The data ->

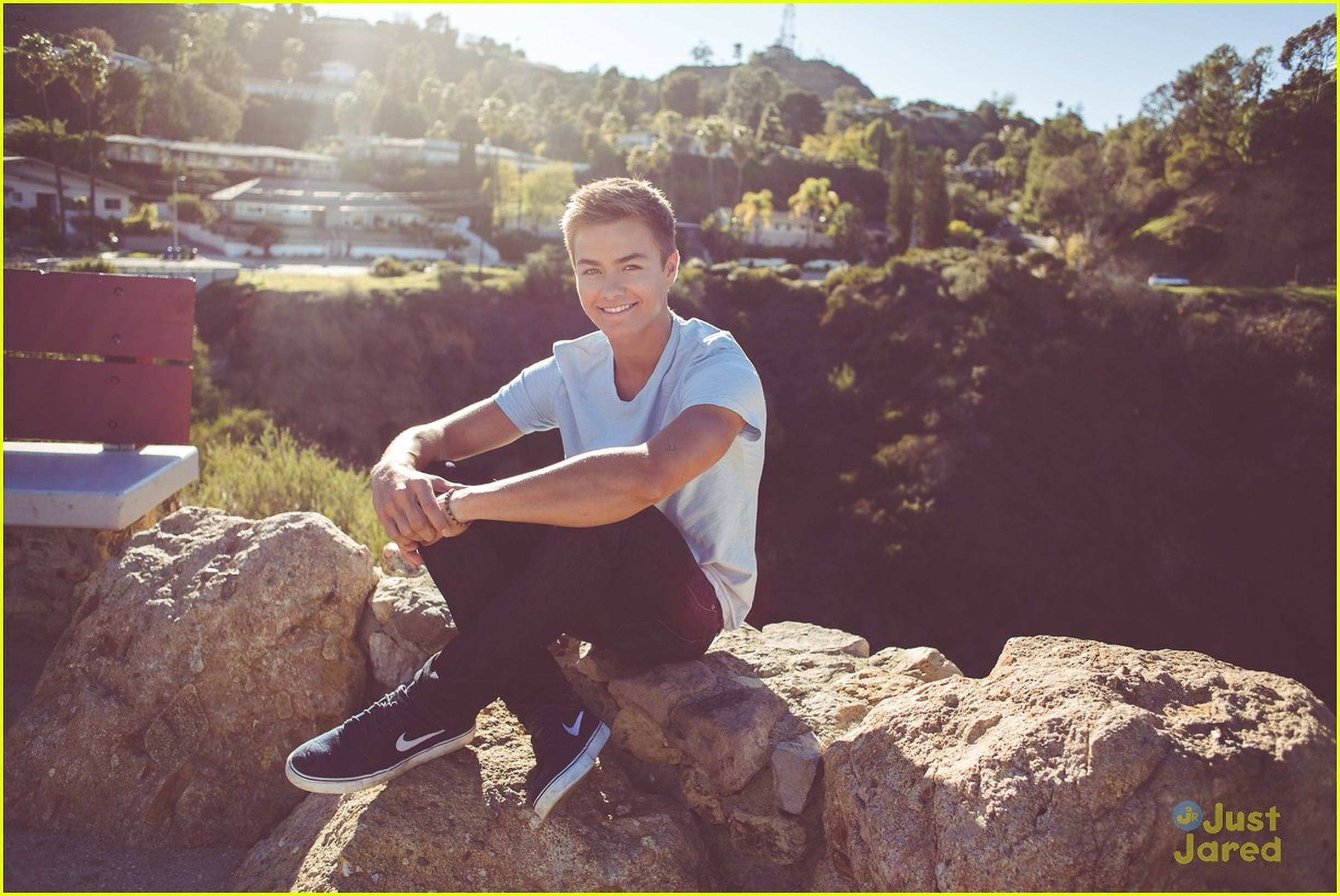 Peyton Meyer Just Jared 專訪拍攝 壁紙 — 一位微笑的年輕男子隨意地坐在陽光普照的岩石上，俯瞰著一個丘陵住宅區，樹木和房屋沐浴在金色的午後陽光中。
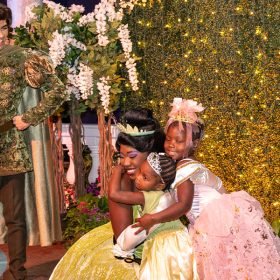 Prince Naveen smiles as Princess Tiana hugs two children wearing princess costumes.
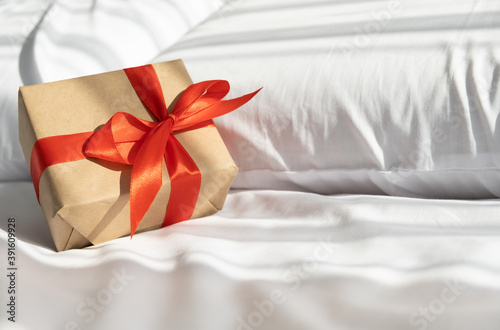 Christmas gift on bed with white bedding. sunny morning with shadow. © Юля Шевцова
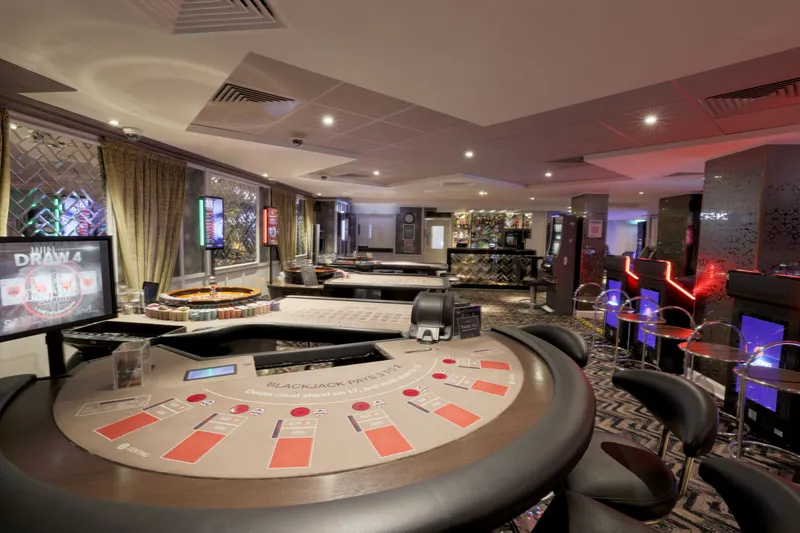 Blackjack and roulette tables inside Genting Casino Brighton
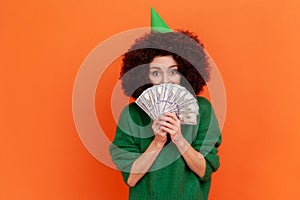 Happy woman with Afro hairstyle wearing green casual style sweater holding covering half of mouth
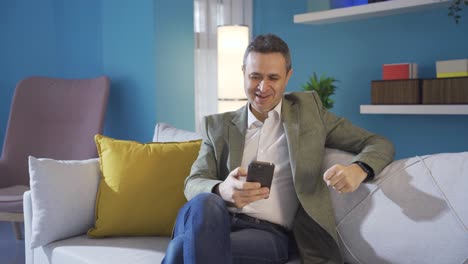 Casual-dressed-carefree-man-uses-smartphone-indoors-on-sofa-at-home.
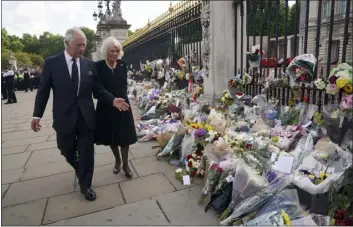  ?? YUI MOK — POOL PHOTO VIA AP ?? Britain’s King Charles III, left, and Camilla, the Queen Consort, look at floral tributes outside Buckingham Palace following Thursday’s death of Queen Elizabeth II, in London, on Friday. King Charles III, who spent much of his 73years preparing for the role, planned to meet with the prime minister and address a nation grieving the only British monarch most of the world had known. He takes the throne in an era of uncertaint­y for both his country and the monarchy itself.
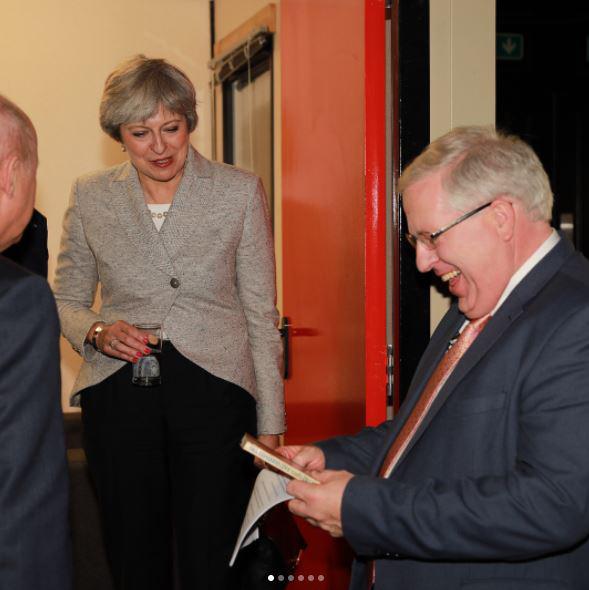  Theresa May looks on as Patrick McLoughlin has a laugh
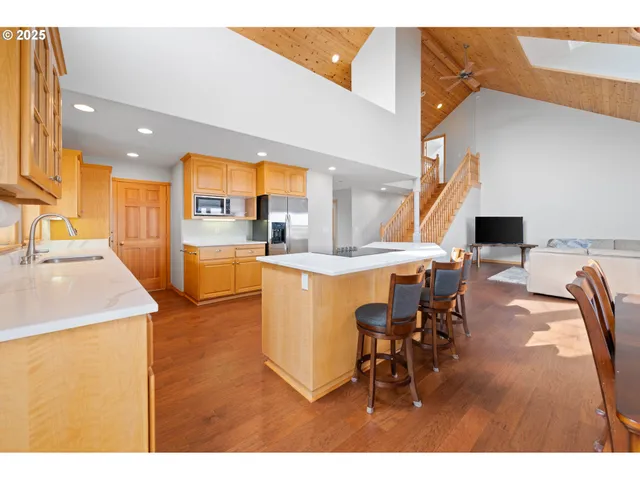 a dining hall with stainless steel appliances kitchen island granite countertop a dining table chairs and a kitchen view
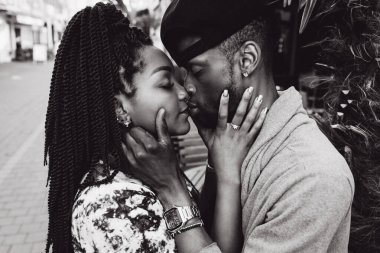 Afrikalı çift sokakta öpüşüyor ve sarılıyor.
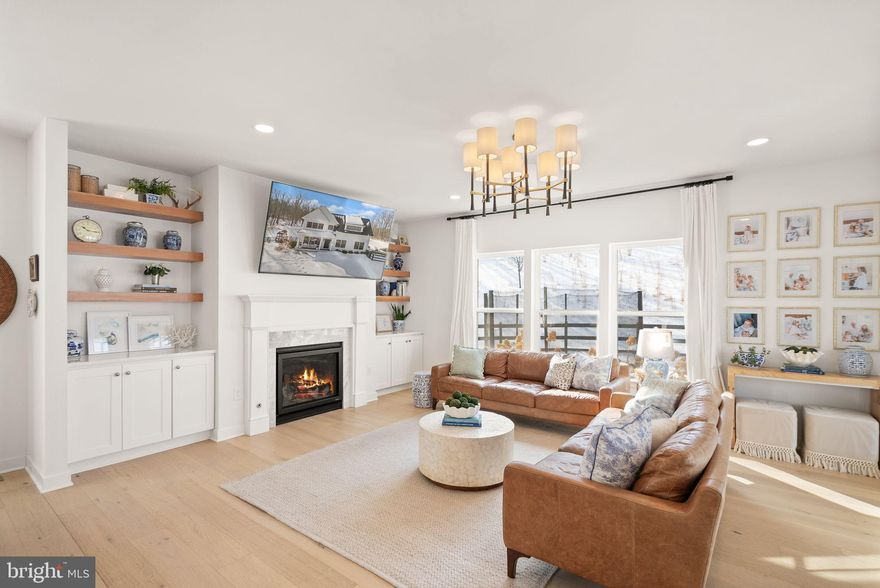 A private 10-acre Aldie estate thoughtfully curated and designed as a peaceful countryside retreat.

Set across ten breathtaking acres with NO HOA, this extraordinary custom-built residence by MAC Builders offers the rare opportunity to experience refined estate living surrounded by nature. Mature trees, open skies, and sweeping views create an atmosphere of calm and privacy while the home reflects timeless craftsmanship and thoughtful design.

Inside, a light-filled open floor plan unfolds with effortless elegance. The gourmet white kitchen, complemented by an expansive pantry and exceptional storage, flows seamlessly into the inviting family room anchored by a warm gas fireplace and the open dining area, creating a beautiful space for both everyday living and entertaining.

What is being asked ->
Produce an exact reproduction of the listing above, limited to the lines starting at the line with "Christmas gift on" and ending at the line with "A private 10-acre", both kept, with every picture left out.

Response area ->
 Christmas gift on bed with white bedding. sunny morning with shadow. © Юля Шевцова
 Blackjack and roulette tables inside Genting Casino Brighton
 Happy woman with Afro hairstyle wearing green casual style sweater holding covering half of mouth
 Casual-dressed-carefree-man-uses-smartphone-indoors-on-sofa-at-home.
  ?? YUI MOK — POOL PHOTO VIA AP ?? Britain’s King Charles III, left, and Camilla, the Queen Consort, look at floral tributes outside Buckingham Palace following Thursday’s death of Queen Elizabeth II, in London, on Friday. King Charles III, who spent much of his 73years preparing for the role, planned to meet with the prime minister and address a nation grieving the only British monarch most of the world had known. He takes the throne in an era of uncertaint­y for both his country and the monarchy itself.
  Theresa May looks on as Patrick McLoughlin has a laugh
 a dining hall with stainless steel appliances kitchen island granite countertop a dining table chairs and a kitchen view
 Afrikalı çift sokakta öpüşüyor ve sarılıyor.
 A private 10-acre Aldie estate thoughtfully curated and designed as a peaceful countryside retreat.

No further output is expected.